Disbelief in a misrepresentation will not negate inducement - Hayward v Zurich

Can the settlement of a claim be unwound if fraud was always suspected and evidence of it emerged after settlement?

Summary

In Hayward v Zurich, the Supreme Court has decided the vexed question of whether a suspicion of fraud at the time of a settlement can prevent a later action for fraudulent misrepresentation. It was held that a settlement agreement could be set aside where the underlying claim was later shown to be fraudulent, even though the defendant suspected fraud at the time it settled the claim.

Background

In June 1998 Mr Hayward brought a claim against his employer for more than £420,000 for a workplace injury. Zurich contested the quantum as they had obtained video evidence which showed that Mr Hayward appeared to be exaggerating his injuries. Despite Zurich’s evidence, Mr Hayward maintained his position, and the expert instructed by Zurich failed to provide a supplemental report that substantiated the exaggeration of Mr Hayward’s injuries, Zurich was concerned that the court would be convinced by Mr Hayward’s claim. As a result, Zurich settled the matter for £134,973 prior to trial.

Two years after this settlement, Mr Hayward’s neighbours approached Zurich and provided witness evidence that Mr Hayward had entirely recovered from his injuries prior to settlement. Zurich therefore brought a claim in deceit against Mr Hayward asserting that the statements he had made constituted a fraudulent misrepresentation and therefore the settlement agreement should be rescinded.

In 2013 the High Court set the settlement agreement aside and reduced Mr Hayward’s damages to £14,720 and ordered him to repay the difference of his original award back to Zurich.

Mr Hayward subsequently appealed to the Court of Appeal. The court agreed with Mr Hayward’s submissions that, in order to succeed in a claim of misrepresentation, Zurich had to show that it was their belief in the validity of the claim which convinced them to enter into the settlement agreement. It was found that Zurich had implicitly agreed not to reopen the case at a later date because, at settlement, they were aware that the claimant’s factual case might be false. LJ Underhill said: “There is a wider principle at stake, that the parties who settle the claims with their eyes wide open should not be entitled to revive them only because better evidence comes along later.”

Zurich subsequently appealed this finding to the Supreme Court, and on 27 July 2016 the Supreme Court restored the original judgment of the High Court.
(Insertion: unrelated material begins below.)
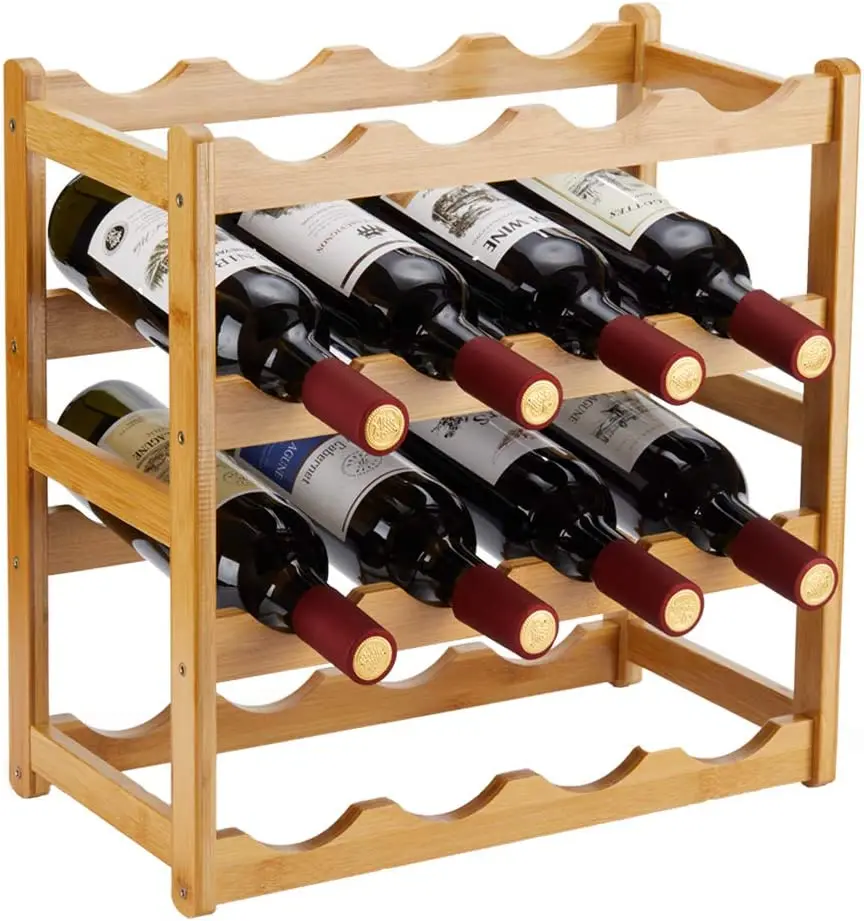 4 Tiers 16 Bottle Sturdy and Durable Wine Storage Countertop Cabinet Shelf,  Bamboo Wine Rack  for Pantry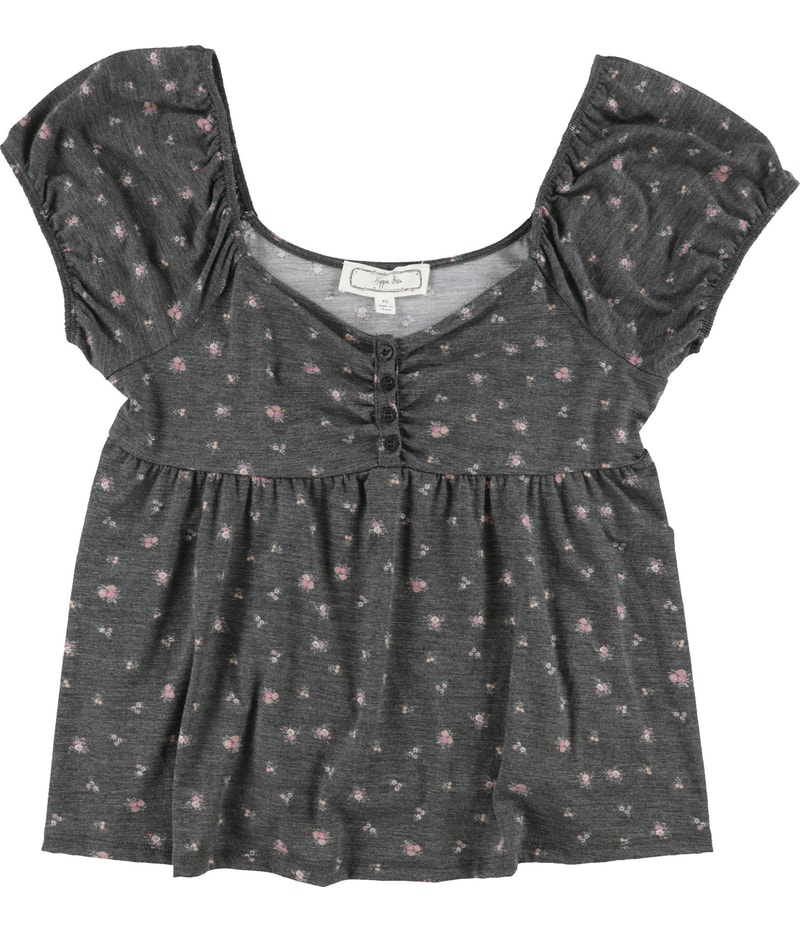 Hippie Rose Womens Button Neck Baby Doll Blouse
The Supreme Court Decision

The Supreme Court ruled that, although Zurich was aware, to a certain extent, that Mr Hayward was exaggerating his injuries, they were not fully cognisant of the extent of the exaggeration until Mr Hayward’s neighbours came forward. In addition, Lord Clarke pointed out that “…the ingredients of the tort of deceit are not in dispute subject to one question, which is whether a claimant alleging deceit must show that he believed this misrepresentation. In my opinion the answer is no.” There could be no doubt, given the judge’s original findings of fact, that had Zurich known the true position they would not have offered Mr Hayward anything like the 2013 settlement sum.

The Supreme Court stated that the question of whether Zurich was induced into entering into the settlement agreement and whether doing so was causative of its loss were questions of fact. The fraudulent statements made by Mr Hayward induced Zurich to enter into the settlement agreement - whether they were believed or not and whether or not there were other factors (such as the weakness of the expert evidence on the question of exaggeration). The inducement was the concern that the court would accept Mr Hayward’s account at trial.

The Supreme Court felt that a failure to unwind the settlement agreement simply because Zurich obtained better evidence at a later stage, particularly evidence that their own investigation was unlikely to reveal, generally put fraudsters in too favourable a position. Lord Clarke, giving the leading judgment, commented that he was not persuaded that the (considerable) importance of encouraging settlement was sufficient to allow Mr Hayward to retain monies which he only obtained by fraud. Clarke LJ felt that it is difficult to envisage any circumstance where a mere suspicion that a claim was fraudulent would preclude unravelling a settlement agreement where fraud is subsequently established.

The Supreme Court therefore restored the original Judgment to rescind the settlement agreement and ordered Mr Hayward to repay £136,110 (which included interest on the original reward).

Commentary

To establish the tort of deceit it must be shown that the representor dishonestly made a material false representation which was intended to, and did, induce the representee to his/her detriment. It does not necessarily matter that the representee did not believe fully in the truth of a representation. Here, Zurich was prompted to settle Mr Hayward’s claim based on its assessment of the litigation risk (itself based on several factors). Its concern that Mr Hayward might be believed and awarded a significant sum at trial was enough to establish inducement.

This case is of particular importance for insurers because insurers may often have grounds for suspicion about a claim, but to pursue an allegation of fraud without strong evidence is risky. This case allows insurers to pursue a claim of deceit, should new evidence come to light following settlement of a claim, showing that the claimant’s recovery was too high. This case also sends a serious message to fraudulent claimants that, simply because a claim has been settled prior to trial, it does not mean that the claim cannot be re-examined and a settlement unwound. Fraudulently obtained litigation proceeds can and will be recouped.